Mystery boat?

She looks like a Signet Super 20+, maybe a larger alloy job on the same sort of 1960's pattern.

I must say she looks like a Signet, except for the size and location of the middle window ?

No defnitely not a Signet.

Thompson T24?

Don't think so. It does not look much like the pictures I've found of one.

It looks to have a triple keel unless its the angle of the bottom photo. If it has that shouuld narrow it down a bit

Yes. Definitely a triple keel. If you Photoshop it and lighten the shadows you can clearly see the bilge keel on the port side.
I reckon the starboard side keel has been removed , hence the oil drum and the pieces of wood propping up that side.


I have seen that ugly shape of the cabin roof/ forehatch before but cannot place it.
 
xeitosaphil and I said she LOOKS LIKE a Signet, and made it clear we don't think she is one, seems bigger to me and still looks alloy even though that's not very logical.

That coachroof pattern was very popular in the 60's, and includes everything from Halcyons and Sabres to Excaliburs.
 
She looks like the marine equivalent of a 'cut and shut' of the automobile world.

Some aluminium hull with a fibreglass cabin and deck attached from a donor vessel.

Avoid!

A good project for someone with the inclination.
 
As per another reply, I'd say Ferro. Not metal of any kind due to the rounded hull form.
My first glance made me think (poor) ferro: the hull does not look good. The coachroof looks like a GRP moulding though, and looks vaguely familiar, as someone else said. That does not mean the hull has to be GRP, you do find odd mixes. Once met a lovely wooden carvel hull with a GRP Nic 32 GRP coachroof moulding - and that had actually been built by Nicholsons as one of the "Yeomans" - in the dying days of wooden racing yacht building.
 
xeitosaphil and I said she LOOKS LIKE a Signet, and made it clear we don't think she is one, seems bigger to me and still looks alloy even though that's not very logical.

That coachroof pattern was very popular in the 60's, and includes everything from Halcyons and Sabres to Excaliburs.

Post war we had loads of alloy available and a lot of people who could work it that came from the aero industry.


Brian
 
It looks like either fibre Glass or Aluminium, can't see that the hull thickness is anything like thick enough at the sheer line to be Ferro Cement? It does look though like a fibre glass coach roof, Could the deck and coach roof moulding be separate addition? The position of the windows with the odd size middle window doesn't really conform to any of the window arrangements I have seen. Could it have been a Self Build fit out from a Production Hull Usually the two aft windows are the same size contained in the upper section of the coach roof, and any windows in the lower section being small oblong ones. I also can't help feeling this hull may have been made as a Fin only the bilge keel doesn't look like the same material as the rest of the hull and the OP’s partner could have been in the process of fitting the bilge keels before he passed away hence only one in the photo?

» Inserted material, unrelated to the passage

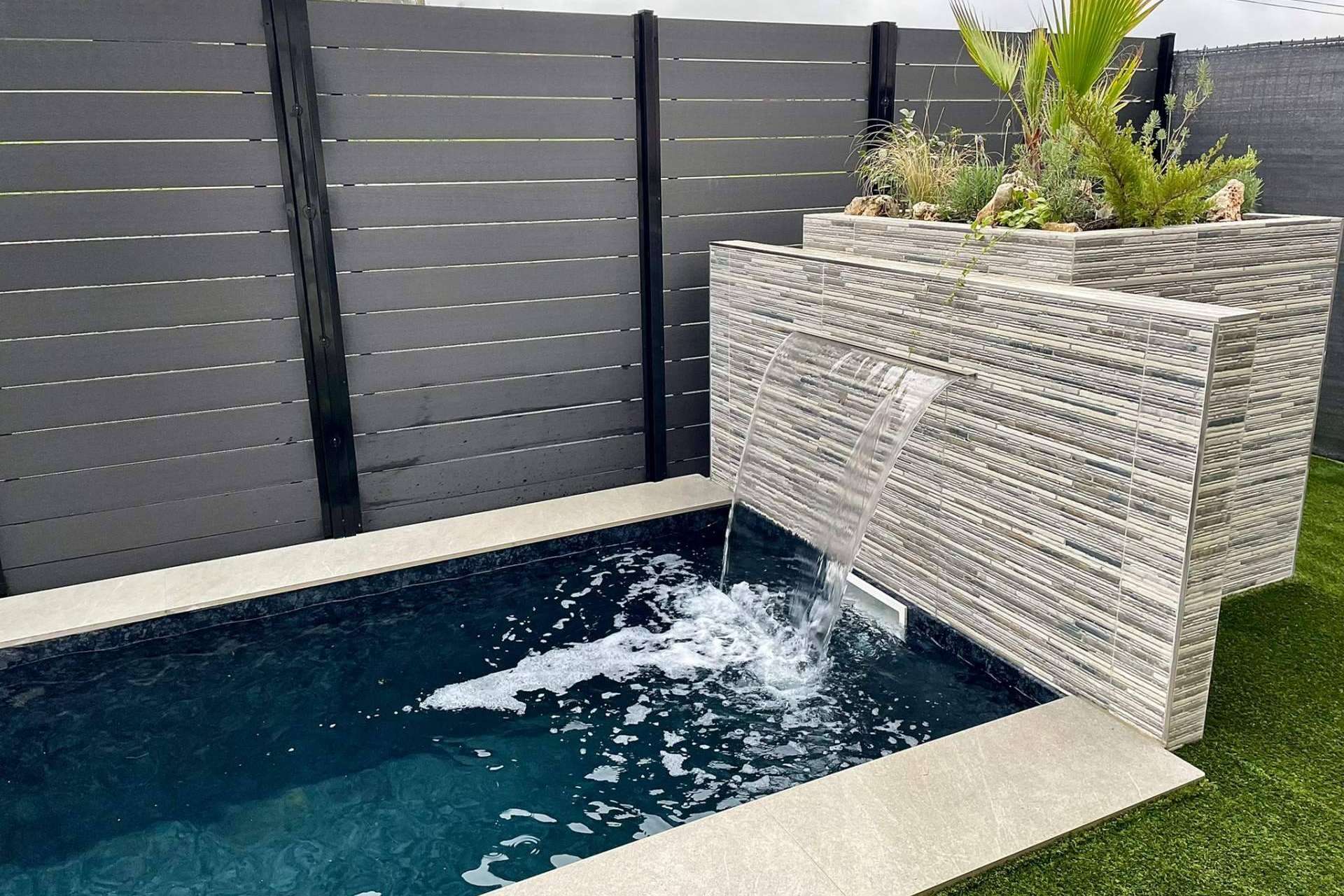 Una piscina sostenible es posible gracias a Esencial Pool
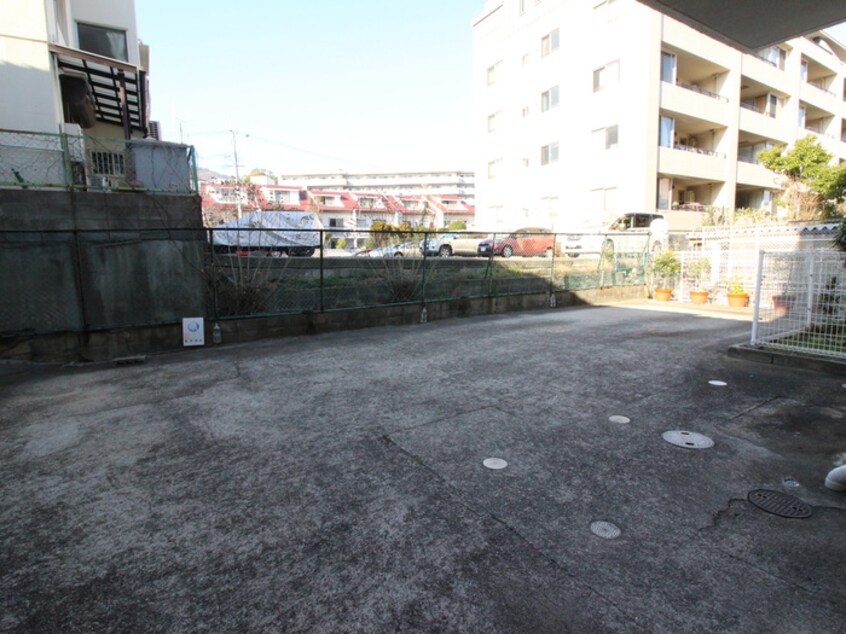 駐車場 レジデンス老松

It doesn't seem like a production yacht to me, too many variables, a home build of various bits seems more likely IMO

More info on length, beam, photos of the foredeck, cockpit, rudder profile etc would be helpful to rule out a production yacht?

I know it’s a lot to ask for but any chance of more photos, the two photos you have supplied are not really very helpful in detail when it come to identifying the make.
 
But it doesn't. No more than it looks like an A22.

Come on now Vic if you look at the two photos below I posted surely you can see the resemblence?

I know the angle of the photos are not quite the same the blue one is more horizontal but if you move the middle window and reduce its size, and loose what I consider to be a add on bilge keel they do look similar don't they?